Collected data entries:
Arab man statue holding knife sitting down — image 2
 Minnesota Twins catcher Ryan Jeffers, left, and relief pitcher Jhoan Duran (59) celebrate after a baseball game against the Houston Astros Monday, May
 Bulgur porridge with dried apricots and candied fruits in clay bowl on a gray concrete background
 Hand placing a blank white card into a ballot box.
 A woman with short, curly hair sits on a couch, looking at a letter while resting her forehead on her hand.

EXERCISE PROMPT:
Wherever the word "with" appears in a line of the data above, copy that line.

TASK SOLUTION:
 Bulgur porridge with dried apricots and candied fruits in clay bowl on a gray concrete background
 A woman with short, curly hair sits on a couch, looking at a letter while resting her forehead on her hand.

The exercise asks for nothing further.